**PROBLEM TO SOLVE:** Copy out the full data exactly as given; pictures should not be included.

**AVAILABLE DATA:**
◆ ◆ ◆ ◆ ◆ ◆ ◆

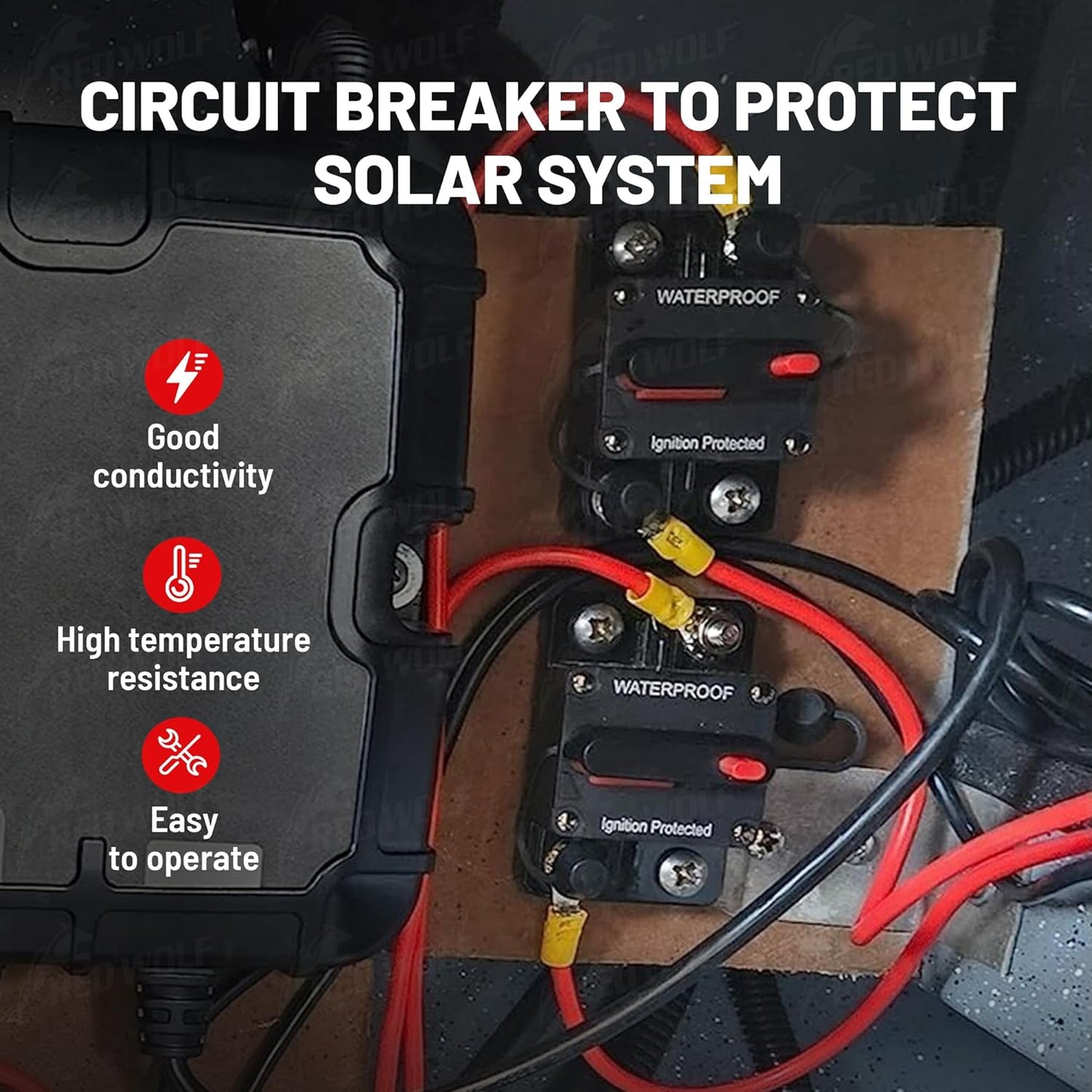 RED WOLF Waterproof 100Amp Circuit Breaker - Manual Reset Switch for Marine & ATV Battery Systems 12V-48V DC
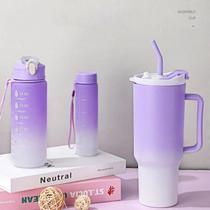 Kit 3 Garrafas Copo Para Carro 240ml + 500ml + 1200ml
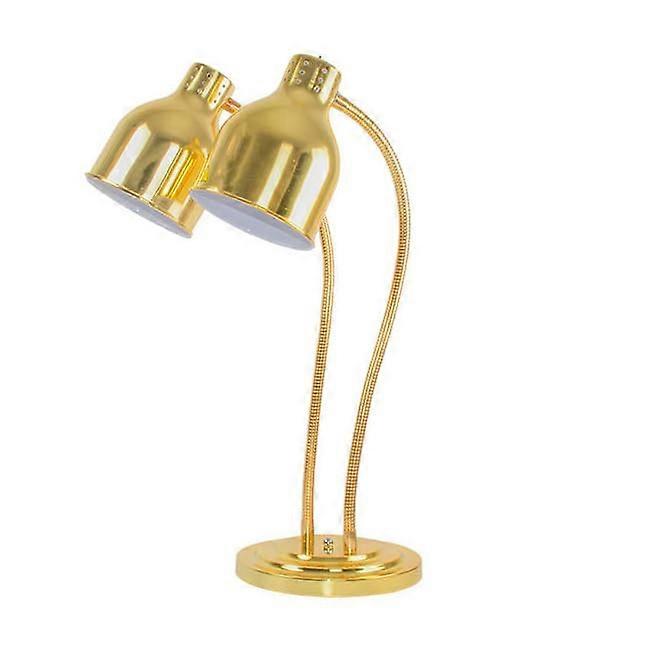 Double-Head Food Warming Lamp with 250W Bulb, Adjustable 360° Hose, Commercial Buffet Heater for Pizza, Steak, Fried Chicken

◆ ◆ ◆ ◆ ◆ ◆ ◆

**RESPONSE FOR THIS EXERCISE:**
 RED WOLF Waterproof 100Amp Circuit Breaker - Manual Reset Switch for Marine & ATV Battery Systems 12V-48V DC
 Kit 3 Garrafas Copo Para Carro 240ml + 500ml + 1200ml
 Double-Head Food Warming Lamp with 250W Bulb, Adjustable 360° Hose, Commercial Buffet Heater for Pizza, Steak, Fried Chicken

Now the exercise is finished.